The emotions finally flowed for Randy Johnson when the final out was made.
A hug for his son, who was serving as batboy. Hugs for every teammate, plus a really big one for his manager. The game ball presented to his wife as his three daughters beamed with pride. A news conference that lasted 30 minutes from a player who usually doesn't have much to say. Someone even spotted a smile.
The Big Unit admits he can come across as surly, and he did his best over the past few weeks to downplay his pursuit of 300 wins. Once he got there - with a steady, six-inning performance in the San Francisco Giants' 5-1 victory over host Washington in the opener of a doubleheader yesterday - he was free to express that, yes, it really is a big deal.
"I think it kind of hit me when I walked on the field," Johnson said. "It's a long-range achievement. It's not a one-game or a 1-year achievement, it's a career achievement. Who knows how many teammates I've had over my 21 years, but they had a great deal to do with my success. I'm going to think about this for a long time."
In the nightcap, the Giants completed a sweep with a rain-shortened, 4-1 victory. The game was called with two outs in the top of the sixth after a 67-minute delay.
Johnson (5-4) became the 24th pitcher to reach the 300-win milestone, and he did it as a mature pitcher, not the overpowering tangle of arms and legs who was all about strikeouts early in his career. He walked two, struck out two, allowed only an unearned run and threw 50 of his 78 pitches for strikes. He faced four batters above the minimum and got shutout relief from his bullpen.
"I get more gratification out of that because of the way I'm doing it now than the way I did it 10 years ago," Johnson said.
Johnson, 45, is the sixth lefthander to win 300 games and the second-oldest pitcher to reach the milestone. Knuckleballer Phil Niekro was 46 when he won his 300th with the New York Yankees in 1985.
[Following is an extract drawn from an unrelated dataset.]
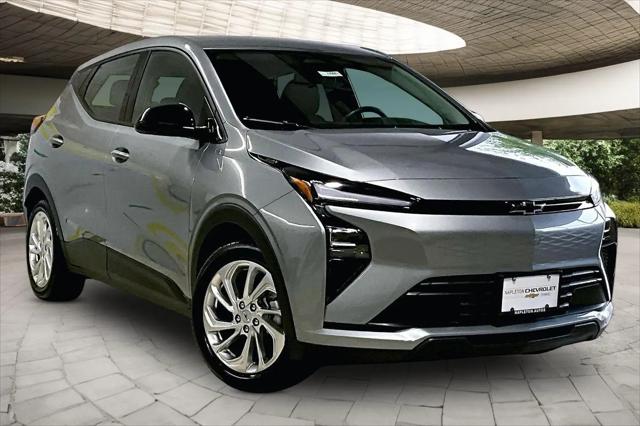 2027 Chevrolet Bolt LT FWD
In Game 2, Matt Cain (7-1) won his fifth straight decision. San Francisco broke a 1-1 tie in the fifth with a five-hit rally against Ross Detwiler (0-2), including a run-scoring double by Pedro Sandoval and RBI singles by Aaron Rowand and Rich Aurilia.
In other games:
* At Pittsburgh, former Phillies farmhand Jason Jaramillo drove in four runs, prized prospect Andrew McCutchen had a productive major league debut (2-for-4, three runs, walk, RBI, stolen base) as Pittsburgh acompleted a rain-shortened, three-game sweep of New York with an 11-6 win.
As if being swept wasn't bad enough, the Mets got more bad news on the injury front: Shortstop Jose Reyes has a tear in his right hamstring and reliever J.J. Putz is experiencing pain in his elbow.
* At Miami, Josh Johnson hit a three-run shot for his first career home run and pitched into the eighth inning, leading the Florida Marlins to a 4-3 victory over the Milwaukee Brewers.
* At St. Louis, Chris Carpenter (4-0) pitched a three-hitter for his first complete game in more than 2 years and Albert Pujols took care of the offense with a two-run homer and RBI double, leading the Cardinals to a 3-1 win over Cincinnati.
* At Houston, Garrett Atkins broke out of a slump with two home runs and Colorado snapped a four-game losing skid with a 10-3 win over the Astros.
* At Atlanta, the game between the Braves and Cubs was postponed by rain.
* Colorado catcher Yorvit Torrealba's 11-year-old son and his brother-in-law are free again after being kidnapped in Venezuela.
Police in Venezuela said the pair were abducted on their way to the boy's school and that the kidnappers demanded $466,000 in ransom. Wilmer Flores Trossel, director of Venezuela's federal police, said no ransom was paid.